Dana Andrews (centre) realizes he’s being railroaded. Image: Dr. Macro
The trouble with creating a masterpiece is sometimes people don’t automatically see it as such.
One example is The Ox-Bow Incident, a 1943 western directed by William Wellman. This film was released during some of the darkest days of WWII and, as a result, it was a box office disappointment. Audiences were in no mood to be reminded of the failings of human nature, and you can’t really blame them.
Fortunately, the film was recognized with an Oscar nomination for Outstanding Motion Picture, and is now considered one of Wellman’s masterpieces.
The Ox-Bow Incident is based on a novel by the philosophical American writer, Walter Van Tilburg Clark. The story takes place in Nevada, in 1885, and tells us What Happens Next when a popular rancher is shot on his own land.
At first, we sympathize with the town’s decision to form a posse. How dare someone shoot our neighbour! Let’s get ’em, boys!
But we soon discover the town’s leaders may not be as keen on justice as they are on other pursuits. A posse provides an opportunity to teach a harsh lesson to a young man, for instance, or provide an outlet to satisfy one’s bloodlust.
It’s not a comfortable film to watch; ten minutes in, you know things are going to end badly. This is Wellman’s doing. He feeds us the narrative in a controlled way, even while events unravel quickly.
Wellman also has a way of torquing scenes with the use of close-ups. His camera forces us to scrutinize characters as they scrutinize each other. Close-ups in this film signify a challenge to, or defiance of, prevailing conditions.
In one scene, we focus on a man (Dana Andrews) who has been arrested by the posse.
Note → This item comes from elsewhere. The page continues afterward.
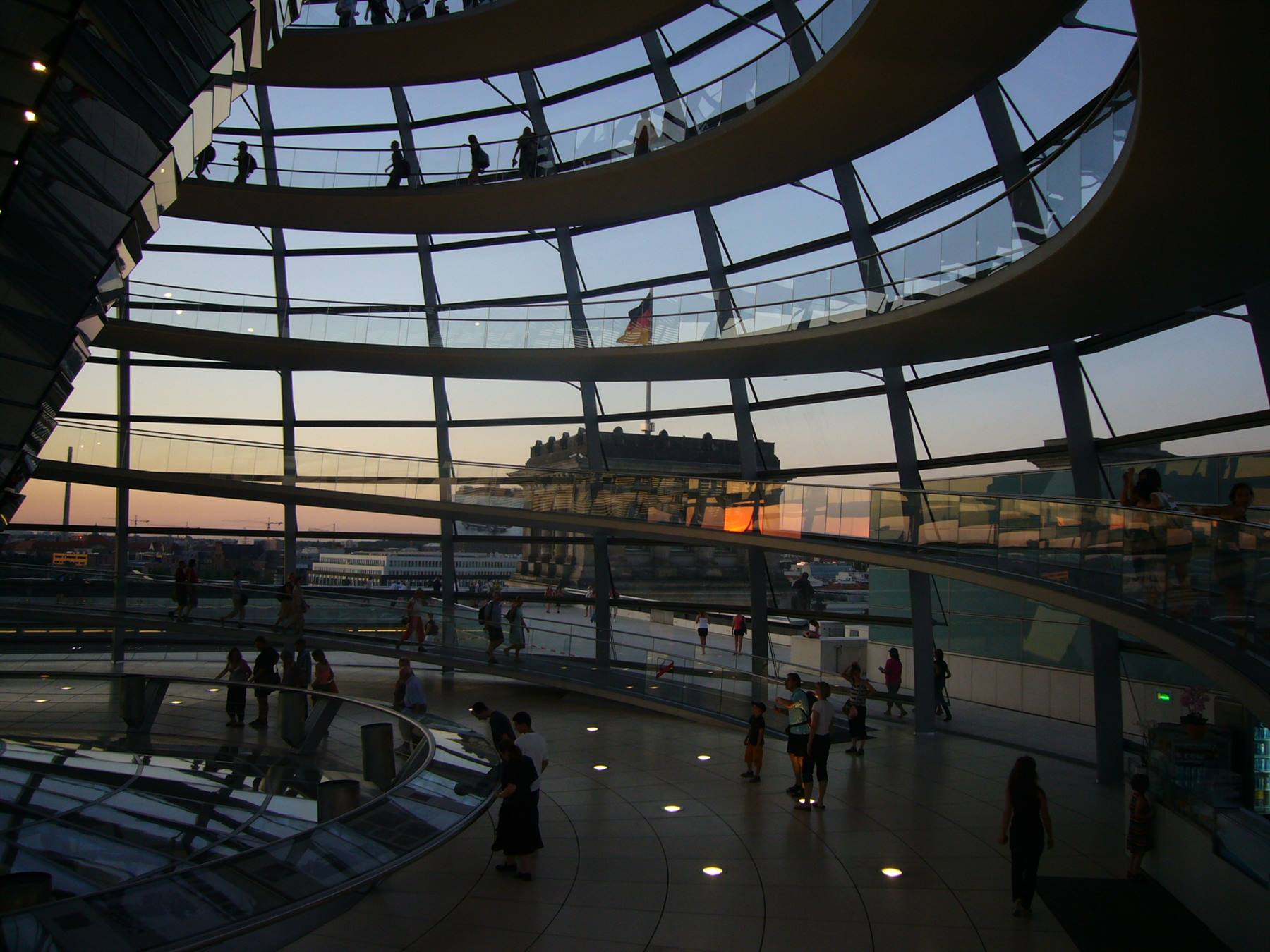 BERLINO LA CUPOLA DEL PARLAMENTO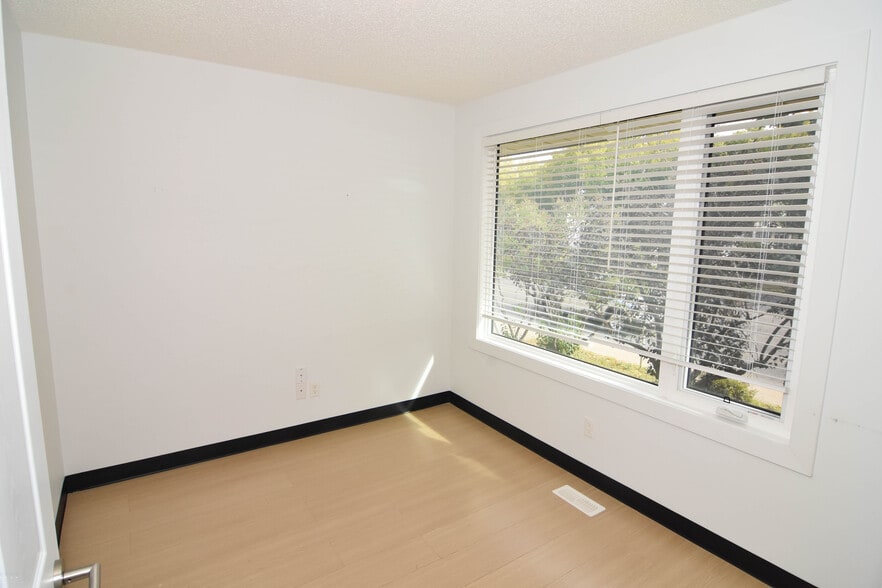 309 Main St N, Airdrie, AB for sale - Building Photo - Image 3 of 16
While the posse waits for the sheriff to arrive in the cold mountain night, the camera isolates Andrews. He watches a woman and a man sitting close together; the man whispers in the woman’s ear and she laughs loudly. This could be a midnight picnic, except it’s not. It’s a prelude to an execution.
The most significant close-up of this film is one of Henry Fonda, and Wellman intentionally hides his eyes from our view.
Henry Fonda (left) reads a letter that becomes an indictment. Image: ronhamprod.com
In this scene, near the end of the film, the men from the posse gather at the saloon. They are silent, glum, drunk.
Fonda opens a letter written by Andrews and, as he begins to read aloud, he leans against the bar, his back towards the others. Fonda’s eyes are hidden by the hat brim of his friend (Harry Morgan). We analyze Morgan’s expression instead, as he stares straight ahead while Fonda reads. Fonda’s voice is gravelly, betraying emotions he is trying to suppress.
Wellman has staged this close-up to force us to concentrate on the letter’s message. There’s nothing else to look at – no decor in the background, no supporting actor fidgeting with a whiskey glass. It’s Fonda and Morgan, and us.
We squirm a little as Fonda reads, because Wellman has brought us uncomfortably close to this letter.
The Ox-Bow Incident is a powerful, haunting film, and we can’t recommend it enough. Once you see it, you’ll agree that it deserves the reputation of a William Wellman masterpiece.
The Ox-Bow Incident: starring Henry Fonda, Dana Andrews, Mary Beth Hughes. Directed by William A. Wellman. Written by Lamar Trotti. Twentieth Century-Fox Film Corp., 1943, B&W, 75 mins.
This post is part of the William Wellman Blogathon hosted by Now Voyaging. Click HERE to see the schedule.
This sounds very good and thought provoking. It is so interesting how the director uses close ups to get a message across. I’m glad you pointed that out to me so I can focus on that when I see it. I love so many of the actors in this. I am putting it on my list and look forward to it. Thanks, Ruth!
This is an incredible movie and you’ll notice when you see it how the close-ups increase the tension. Very thought-provoking film.
I’m not much of a Western fan, but this is tops on my list! You did it justice!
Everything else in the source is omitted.